The question I will answer here, is: “When is the word 'that' used? When are 'which', 'who', 'whose' and 'this' used?
That is a pronoun, and here is a guide to using it.
1. That as a determiner .
The baby sits in his high chair. He is learning to talk, but he isn't there yet. He is ,looking at an open cupboard, and he wants something he can see on the bottom shelf. His mother asks him a question.
“What do you want? Do you want a biscuit? Which kind?”
“That!” he answers triumphantly. He's pointing. Unfortunately his mother still has to guess, as he could be pointing at any one of two or three different kinds...
So, “that” is being used as an answer to the question “which one?”. What Hamlet meant was, that his question was whether it was better to be (alive) or to not be (to be dead.)
However sometimes the answer to the question is not 'that one', but 'this one'. That is the word used
when we're talking about something distant, even if only by a metre, as far as an open kitchen cupboard is from a 10 month old baby in a high chair.
Another child is 5 years old. She's upset, and she's crying with frustration. Her mother comes into the living room, where the child was colouring in a picture her teacher had given her, of a farm yard.
The mother asks “What's the problem, Susan?”
“The dog took my pencil and she chewed it, and slobbered all over it!”
Susan holds up an orange colouring pencil. The end of it resembles a paintbrush.
That as a determiner (also this, who and which) are also used in relative clauses.
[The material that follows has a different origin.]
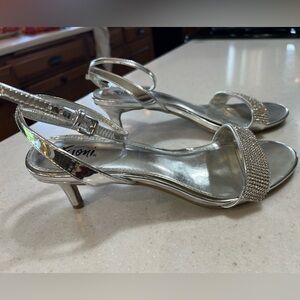 Fioni 9 Wide Silver Strappy Heels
Again, they answer the question - which woman, which house, which job are you talking about?
• The woman, who lives across the road from the school, is the principal.
• The house, which had been on the market since 2007, has finally been sold for $900,000!
• I left my job, in which I was a supermarket check out operator, when I decided to move to Wellington.
• One of my coffee cups, this red one here, got broken when I was out last night. Can any of you explain how that happened?
That, and which are never used to refer to people, but instead, to things and people, and usually animals (except sometimes pets). For people and for domestic animals as can be seen in the first example, 'who' must be
• The sheep, which had been grazing on swampy land, were found to have foot rot, and could not be cured.
• The doctor, who had immigrated from Sri Lanka, had been working as a taxi driver until his qualifications were recognised and he joined the staff of our laboratory.
• I took my cat, who was coughing all day and all night, to see the vet.
You can see that the relative clause (the one between commas) can be removed, and still leave a complete sentence. Its only purpose is to clarify to the listener exactly what is being discussed.
There are rules about when to use 'that' and when to use 'which', but as these rules are somewhat
old-fashioned, I don't think they're important for you to know. But in case you do, visit this site:
“In the first one, the clause “that is painted pink” is a restrictive clause, because it limits the scope of the word “house”, indicating that the writer doesn’t mean any house, only the one that has been painted in that particular colour; if he takes that clause out, all that’s left is "The house has just been
sold": the reader no longer knows which house is being referred to and the sentence loses some crucial information. In the second example the clause is non-restrictive: the writer is giving additional information about a house he’s describing; the clause "which is painted pink" is here parenthetical — the writer is saying “by the way, the house is painted pink” as an additional bit of
information that’s not essential to the meaning and could be taken out”
“Older grammar books make two firm points about the difference between the two types of clause:
• Restrictive clauses are introduced by that and are not separated from the rest of the sentence by commas.
• Non-restrictive clauses are introduced by which and must be separated by commas from the rest of the sentence to indicate parenthesis”
2. That as an intensifier.
This use is pretty informal, but it does exist. For instance, I used it this morning, when listening to the radio, and hearing an interview with a singer. Something she said made me exclaim
“Is she really that arrogant?”
You probably won't find that usage in grammar books, but you will hear people using it.
3. That used to introduce quoted speech.
"Lisa Algurri from Wellington Zoo, said that the penguin would be operated on tomorrow to see whether it had an obstruction in its stomach".
(This usage is not acceptable in American English, but then this blog is not about American English, so that's not a problem is it?)